Spambots attacking my forum, need information on building a more secure system.

Welp, rather than making a gigantic explanation, here’s what’s basically happening:

Earlier this week I learned that Kemoy translates into “garbage” in Japanese, so I found a bunch of annoying little bots running roaming around the forums.
Any help on creating a more secure system? I’m trying to avoid activation quizzes as much as possible, but if I have to do so, then I will. And yes, I am using SMF.

Make a unique register form.
Since java-gaming is populair, an activation quiz is the last resort against these bots.
With some unknown site, you could make the register form as easy as “type the following word in the textbox” to stop these bots.

From most effective to less effective:

  1. Tell Google not to index your site (Easiest. Incredibly, incredibly effective)
  2. Manually activate each account and put them in different moderation groups if suspicious. (Very effective)
  3. Change your registration page name and make sure things like copyright notices won’t appear in search engines.
  4. Use a topic specific quiz. (Second easiest)
  5. Make website and signature inputs on registration hidden. Ban anyone that POSTs something for those inputs. (A honey pot)
  6. Refer to Stop Forum Spam.
  7. Use nofollow links.
  8. CAPTCHA (including generic quizzes)

Number 2 or 3 combined with another technique is much better than just 2 or 3.

Alright, I’ve turned off search engine indexing, and I’ve also turned on e-mail activation.

I forgot how god-awful the SMF defaults were.

There’s also useful plugins that block logins/posts/registrations from users without useragents, refer headers, proxy IPs and a few other obvious spam-bot differences.

But remember, nothing will stop someone legitimately signing up on your site, to then use an auto-posting spambot.
Even if you include CAPTCHAs, you can’t stop everything.

Generally it is better to reduce the value of spam on your site and put in a few obstacles to trip dumb spam bots than to try to profile bots. Anything you profile can be masked, even in the most extreme case by running your bot in a real browser or using a real person. No matter how good the profiling is, people will still find a way to spam your site if the benefits outweigh the cost. Since spamming can be highly distributed (to the point of using zombie computers), you can still get frequent spam even if you slow down individual users. You also run the risk of cutting out legitimate users with profiling. (Referral headers can be shut off in standard browsers, there are good reasons to use proxies, and you could have users using a client you do not recognize.) If you have other methods to regulate spam, then it is more likely that adding profiling will end up blocking Richard Stallman from your site than an extra spammer.

Human registration with automated posting is not much of a problem. Someone has to look at your site and judge that it is worth spamming first, which it probably won’t be if it takes work to register and it seems well moderated, since spam can be removed in bulk when you have user ids to match it.

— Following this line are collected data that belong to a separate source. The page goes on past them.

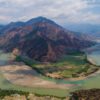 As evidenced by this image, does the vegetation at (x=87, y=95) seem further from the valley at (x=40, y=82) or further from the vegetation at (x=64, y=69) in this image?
the vegetation at (x=64, y=69)

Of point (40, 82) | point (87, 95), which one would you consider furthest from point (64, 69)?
point (87, 95)

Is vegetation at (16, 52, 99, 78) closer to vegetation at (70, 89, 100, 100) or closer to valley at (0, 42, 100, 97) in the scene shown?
valley at (0, 42, 100, 97)

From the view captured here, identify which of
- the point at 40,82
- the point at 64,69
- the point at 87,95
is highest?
the point at 64,69

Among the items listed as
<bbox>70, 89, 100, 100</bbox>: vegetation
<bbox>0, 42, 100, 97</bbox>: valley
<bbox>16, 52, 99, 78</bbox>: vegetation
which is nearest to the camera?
<bbox>70, 89, 100, 100</bbox>: vegetation

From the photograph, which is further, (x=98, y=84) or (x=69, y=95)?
(x=98, y=84)

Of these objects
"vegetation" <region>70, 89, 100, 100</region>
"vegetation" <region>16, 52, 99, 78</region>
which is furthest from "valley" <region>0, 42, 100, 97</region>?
"vegetation" <region>70, 89, 100, 100</region>

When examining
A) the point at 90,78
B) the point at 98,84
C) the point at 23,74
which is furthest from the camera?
the point at 23,74

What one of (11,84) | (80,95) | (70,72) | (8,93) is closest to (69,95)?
(80,95)

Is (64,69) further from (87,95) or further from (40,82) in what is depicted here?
(87,95)

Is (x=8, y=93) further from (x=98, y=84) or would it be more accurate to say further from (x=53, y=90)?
(x=98, y=84)

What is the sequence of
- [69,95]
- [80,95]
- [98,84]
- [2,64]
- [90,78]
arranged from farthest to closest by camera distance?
[2,64] < [90,78] < [98,84] < [69,95] < [80,95]

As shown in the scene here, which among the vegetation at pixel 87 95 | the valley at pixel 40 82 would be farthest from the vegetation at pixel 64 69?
the vegetation at pixel 87 95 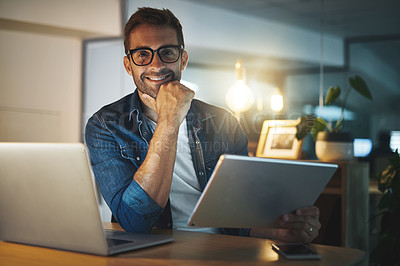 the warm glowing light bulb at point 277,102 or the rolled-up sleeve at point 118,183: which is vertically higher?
the warm glowing light bulb at point 277,102

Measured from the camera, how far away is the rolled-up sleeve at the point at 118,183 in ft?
4.61

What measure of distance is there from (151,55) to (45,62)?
9.52 feet

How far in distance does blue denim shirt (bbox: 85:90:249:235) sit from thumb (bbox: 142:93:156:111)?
3 centimetres

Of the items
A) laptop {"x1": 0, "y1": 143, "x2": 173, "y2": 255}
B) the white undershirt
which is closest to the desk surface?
laptop {"x1": 0, "y1": 143, "x2": 173, "y2": 255}

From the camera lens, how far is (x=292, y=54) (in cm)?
460

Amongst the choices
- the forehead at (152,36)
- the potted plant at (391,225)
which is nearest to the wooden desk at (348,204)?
the potted plant at (391,225)

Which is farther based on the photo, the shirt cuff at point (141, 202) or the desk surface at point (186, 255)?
the shirt cuff at point (141, 202)

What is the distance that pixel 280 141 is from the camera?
10.4ft

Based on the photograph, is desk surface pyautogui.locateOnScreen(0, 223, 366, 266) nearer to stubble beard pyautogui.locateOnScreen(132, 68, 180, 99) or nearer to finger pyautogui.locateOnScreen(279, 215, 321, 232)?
finger pyautogui.locateOnScreen(279, 215, 321, 232)

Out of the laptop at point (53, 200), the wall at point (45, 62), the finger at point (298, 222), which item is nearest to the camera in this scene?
the laptop at point (53, 200)

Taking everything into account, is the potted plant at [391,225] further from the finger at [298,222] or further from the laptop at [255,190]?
the laptop at [255,190]

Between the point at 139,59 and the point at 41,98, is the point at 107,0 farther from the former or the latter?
the point at 139,59

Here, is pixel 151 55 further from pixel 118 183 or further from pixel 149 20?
pixel 118 183

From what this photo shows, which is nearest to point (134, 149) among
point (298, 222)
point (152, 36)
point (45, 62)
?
point (152, 36) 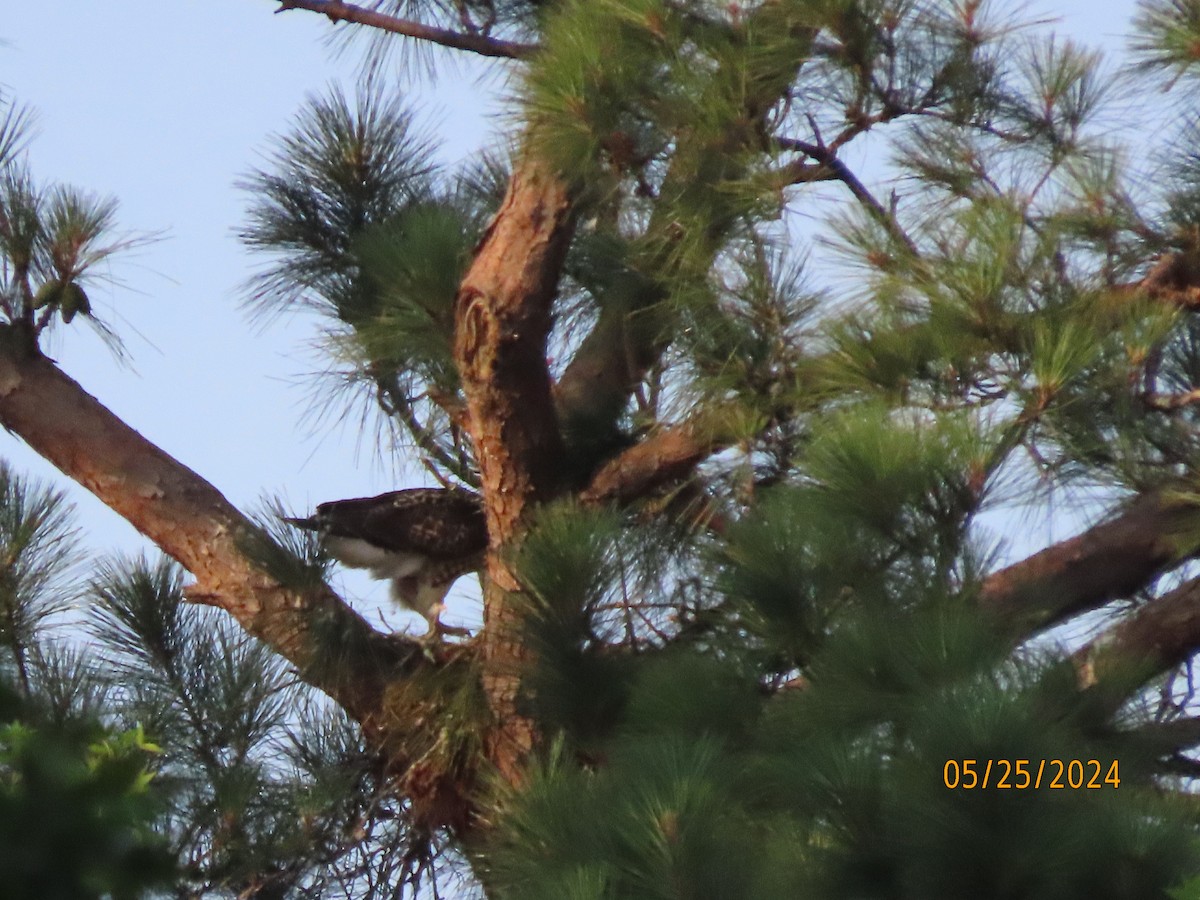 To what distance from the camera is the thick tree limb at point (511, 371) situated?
2676 millimetres

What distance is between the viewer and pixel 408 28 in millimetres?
3334

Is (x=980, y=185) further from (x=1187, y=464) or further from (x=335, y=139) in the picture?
(x=335, y=139)

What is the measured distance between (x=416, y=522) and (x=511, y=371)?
1064 millimetres

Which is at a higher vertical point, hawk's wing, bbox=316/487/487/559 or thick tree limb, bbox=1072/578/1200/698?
hawk's wing, bbox=316/487/487/559

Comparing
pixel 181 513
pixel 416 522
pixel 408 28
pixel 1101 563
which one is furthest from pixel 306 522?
pixel 1101 563

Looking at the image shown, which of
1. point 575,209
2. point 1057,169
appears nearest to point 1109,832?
point 1057,169

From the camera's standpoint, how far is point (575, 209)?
2732 millimetres

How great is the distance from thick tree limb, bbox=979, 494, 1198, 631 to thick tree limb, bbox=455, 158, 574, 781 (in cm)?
78

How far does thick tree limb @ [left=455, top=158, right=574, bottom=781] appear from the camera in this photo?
2676 mm

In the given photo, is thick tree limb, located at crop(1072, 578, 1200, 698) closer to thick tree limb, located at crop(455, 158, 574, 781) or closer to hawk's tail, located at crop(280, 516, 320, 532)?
thick tree limb, located at crop(455, 158, 574, 781) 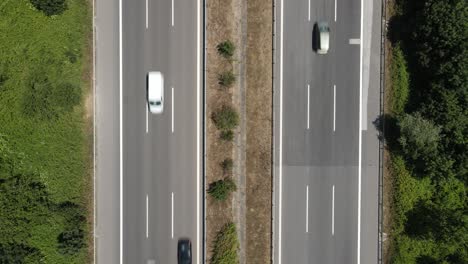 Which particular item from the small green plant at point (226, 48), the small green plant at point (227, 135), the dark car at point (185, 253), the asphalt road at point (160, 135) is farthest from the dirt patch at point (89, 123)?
the small green plant at point (227, 135)

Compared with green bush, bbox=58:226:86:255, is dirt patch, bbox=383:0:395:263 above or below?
above

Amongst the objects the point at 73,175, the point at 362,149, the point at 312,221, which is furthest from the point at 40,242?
the point at 362,149

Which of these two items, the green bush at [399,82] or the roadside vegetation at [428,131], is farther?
the green bush at [399,82]

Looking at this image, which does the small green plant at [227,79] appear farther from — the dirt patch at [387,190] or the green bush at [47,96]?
the dirt patch at [387,190]

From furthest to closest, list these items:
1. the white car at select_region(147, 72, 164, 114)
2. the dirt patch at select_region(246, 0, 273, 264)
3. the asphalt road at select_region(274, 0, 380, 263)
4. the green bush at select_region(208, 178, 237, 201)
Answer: the asphalt road at select_region(274, 0, 380, 263), the dirt patch at select_region(246, 0, 273, 264), the white car at select_region(147, 72, 164, 114), the green bush at select_region(208, 178, 237, 201)

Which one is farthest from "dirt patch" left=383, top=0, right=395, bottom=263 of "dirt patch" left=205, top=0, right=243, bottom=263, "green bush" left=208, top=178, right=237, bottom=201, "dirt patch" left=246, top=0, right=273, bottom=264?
"green bush" left=208, top=178, right=237, bottom=201

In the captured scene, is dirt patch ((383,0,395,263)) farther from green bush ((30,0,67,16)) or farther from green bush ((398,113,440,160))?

Honeypotting is the only profiling method that can be made reliable for automatic banning, since certain actions won’t give you a false positive. (Someone POSTing to login.php instead of signin.html - Someone visiting a forbidden directory only listed in robots.txt - Someone filling in fields that don’t exist - etc.)

Adding an e-mail confirmation helped a ton. Thanks a lot guys!

Its a trap!

Didn’t know that term. Highly interesting technique, thanks for making me aware of it.

I don’t understand this point.

Also, your usage of the term ‘honeypot’ seems a little different to mine. A honeypot (for me) is something masqerading as a normal server/site but is actually a fascade for the owner(s) to monitor/follow/log user activity…kinda like watching labs rats in a maze. I don’t see how this applies to securing forum software?

The goal of a honeypot is to profile connections with low false positive rates by catching someone in the act. Observation beyond that is of diminishing utility unless you use it as a source for a classification algorithm. The goal is to put your honeypot and service on the same site and banning bots caught by it.

If I have a PHPBB forum and I see clients submitting requests to index.php?action=register I know it came from an automated source. And if I see requests to ucp.php?mode=register when I use SMF I also know I have an automated attack. If I create a page called ucp.php for the sole purpose of detecting forum spam bots on a SMF site and generated temporary bans of those IP addresses, then that is a honeypot on a server which also contains a real service. You might also create a honeypot by telling robots to avoid a certain directory and logging IPs of clients deliberately disobeying robots.txt or by giving spam bots a spot to include a url (for their user profile) that will never by seen by people and logging attempts to jump the gun to post links on your site.

Since spam comes from two sources (automated drive by attacks which involve dumb robots and targeted attacks that involve human judgement) you need something to protect you from the dumb robots and something to signal your site is not worth the effort. Dumb robots use profile URLs as part of their strategy because it gets their URL on your page without them needing to trick spam filters that look at links in posts. If your site does not have a website profile field or you change its name and if a robot posts with the old parameter name anyway, you know it was a bot at can ban it at the time of registration. The honeypot is a single profile field that bots POST to by default even though you may still provide legitimate users a different way to designate their website.